BEGIN The records

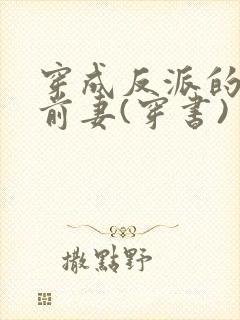 穿成反派的炮灰前妻(穿书) 团子来袭封面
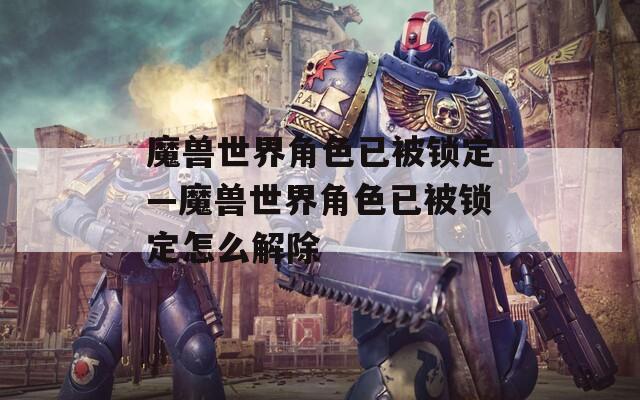 魔兽世界角色已被锁定—魔兽世界角色已被锁定怎么解除-第1张图片-一粒游戏网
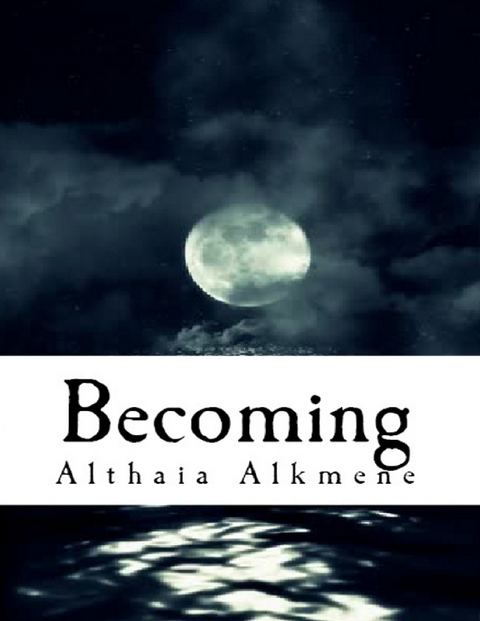 Becoming -  Althaia Alkmene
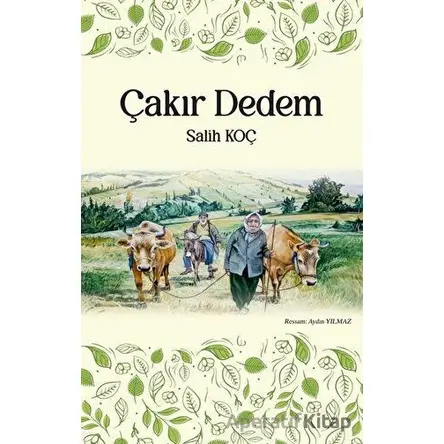 Çakır Dedem - Salih Koç - Tunç Yayıncılık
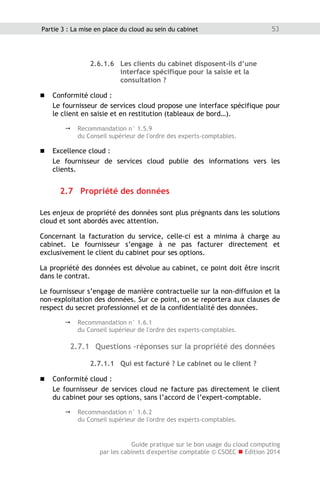 Guide pratique sur le bon usage du cloud computing
par les cabinets d'expertise comptable © CSOEC  Edition 2014
53Partie 3 : La mise en place du cloud au sein du cabinet
2.6.1.6 Les clients du cabinet disposent-ils d’une
interface spécifique pour la saisie et la
consultation ?
 Conformité cloud :
Le fournisseur de services cloud propose une interface spécifique pour
le client en saisie et en restitution (tableaux de bord…).
 Recommandation n° 1.5.9
du Conseil supérieur de l'ordre des experts-comptables.
 Excellence cloud :
Le fournisseur de services cloud publie des informations vers les
clients.
2.7 Propriété des données
Les enjeux de propriété des données sont plus prégnants dans les solutions
cloud et sont abordés avec attention.
Concernant la facturation du service, celle-ci est a minima à charge au
cabinet. Le fournisseur s’engage à ne pas facturer directement et
exclusivement le client du cabinet pour ses options.
La propriété des données est dévolue au cabinet, ce point doit être inscrit
dans le contrat.
Le fournisseur s’engage de manière contractuelle sur la non-diffusion et la
non-exploitation des données. Sur ce point, on se reportera aux clauses de
respect du secret professionnel et de la confidentialité des données.
 Recommandation n° 1.6.1
du Conseil supérieur de l'ordre des experts-comptables.
2.7.1 Questions -réponses sur la propriété des données
2.7.1.1 Qui est facturé ? Le cabinet ou le client ?
 Conformité cloud :
Le fournisseur de services cloud ne facture pas directement le client
du cabinet pour ses options, sans l’accord de l’expert-comptable.
 Recommandation n° 1.6.2
du Conseil supérieur de l'ordre des experts-comptables.
 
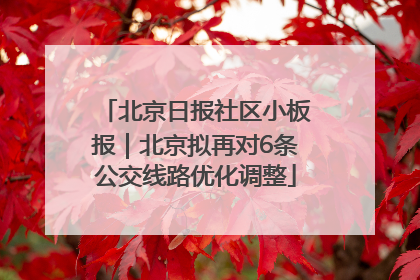 北京日报社区小板报｜北京拟再对6条公交线路优化调整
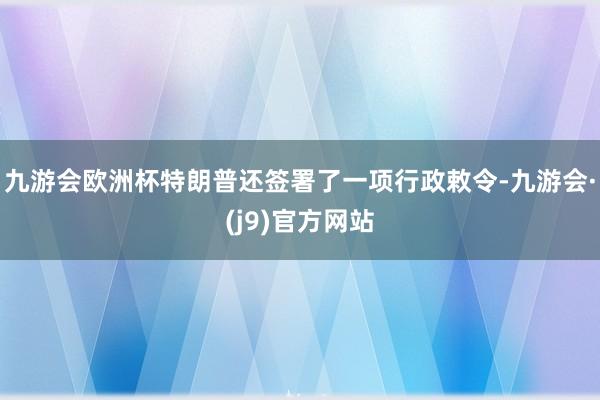 九游会欧洲杯特朗普还签署了一项行政敕令-九游会·(j9)官方网站
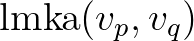 $\mathrm{lmka}(v_p,v_q)$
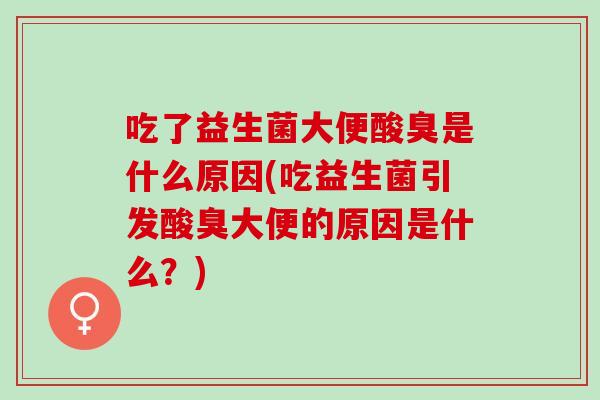 吃了益生菌大便酸臭是什么原因(吃益生菌引发酸臭大便的原因是什么？)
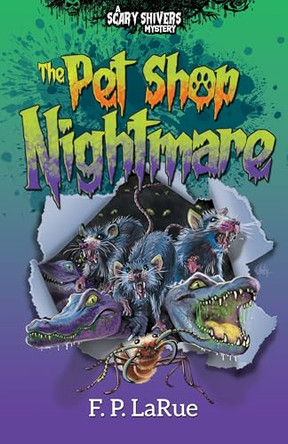 The Pet Shop Nightmare F P Larue 9798891386198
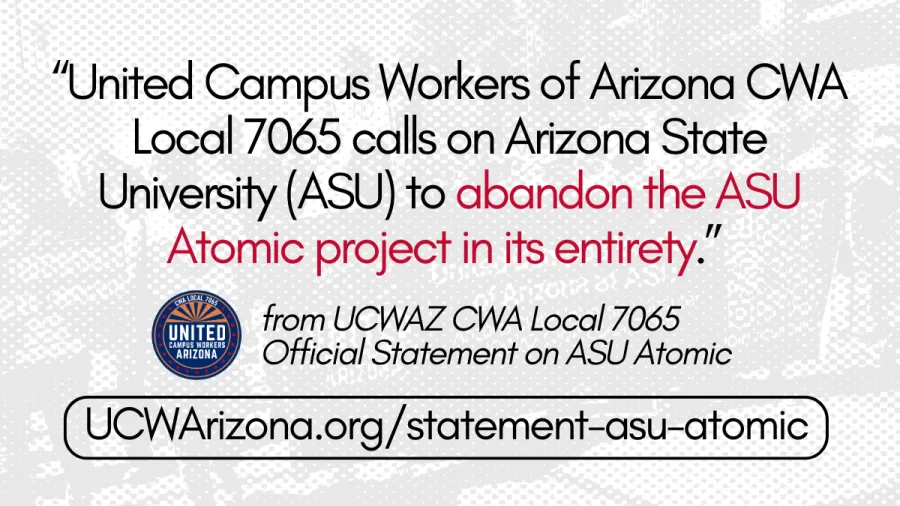 Background is screened out black and white picture of people holding a UCWAZ ASU Chapter banner during a protest. The words on the banner and people marching are barely visible. In the foreground, a quote reads "United Campus Workers of Arizona CWA Local 7065 calls on Arizona State University (ASU) to abandon the ASU Atomic project in its entirety." Below, the quote is attributed to "UCWAZ CWA Local 7065 Official Statement on ASU Atomic." Below, a link to UCWArizona.org/statement-asu-atomic is circled in a 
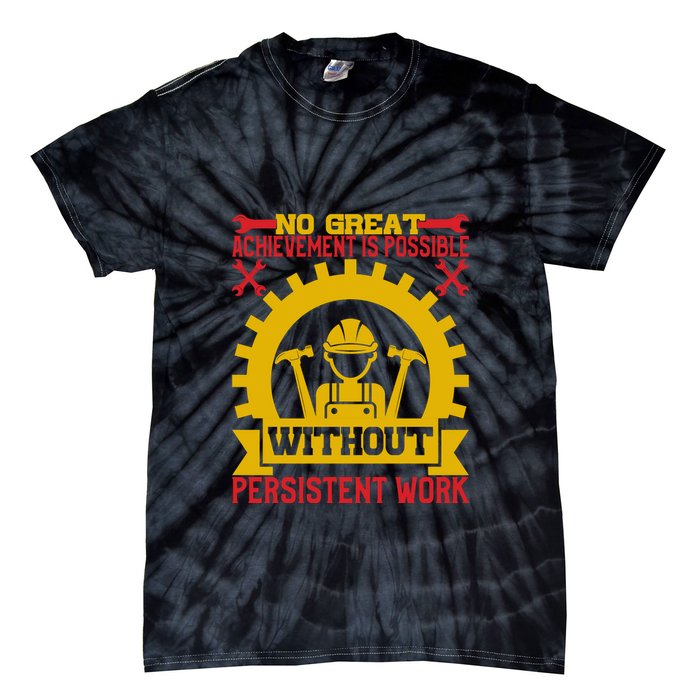 Achievement Is Possible Without Persistent Work Labor Day Gift Tie-Dye T-Shirt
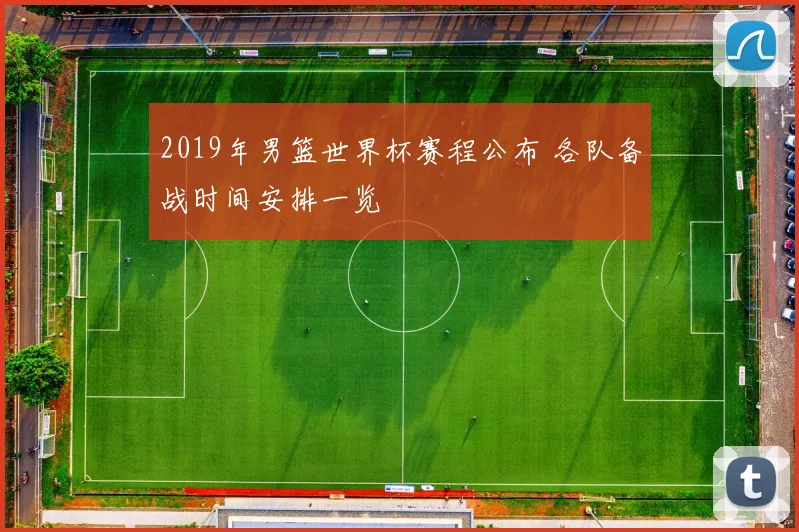2019年男篮世界杯赛程公布 各队备战时间安排一览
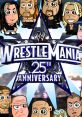 Wrestle Mania 25th XXV Anniversary Soundboard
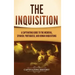 The Inquisition: A Captivating Guide to the Medieval, Spanish, Portuguese, and Roman Inquisitions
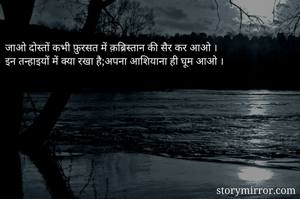 जाओ दोस्तों कभी फ़ुरसत में क़ब्रिस्तान की सैर कर आओ ।
इन तन्हाइयों में क्या रखा है;अपना आशियाना ही घूम आओ ।
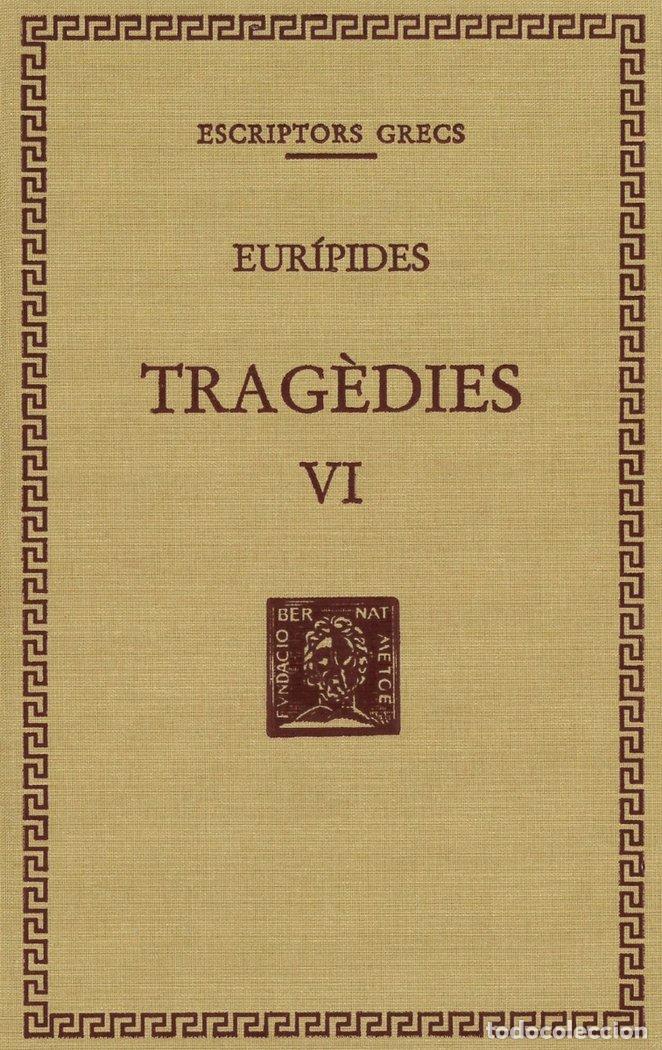 B&uuml;cher: TRAGEDIES VOL VI TELA - EURIPIDES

END The records

### Exercise objective:
The answer must consist solely of the lines from the line containing "इन तन्हाइयों में" to the end of the data, reproduced exactly, with every picture left out.

### Output of the task:
इन तन्हाइयों में क्या रखा है;अपना आशियाना ही घूम आओ ।
 B&uuml;cher: TRAGEDIES VOL VI TELA - EURIPIDES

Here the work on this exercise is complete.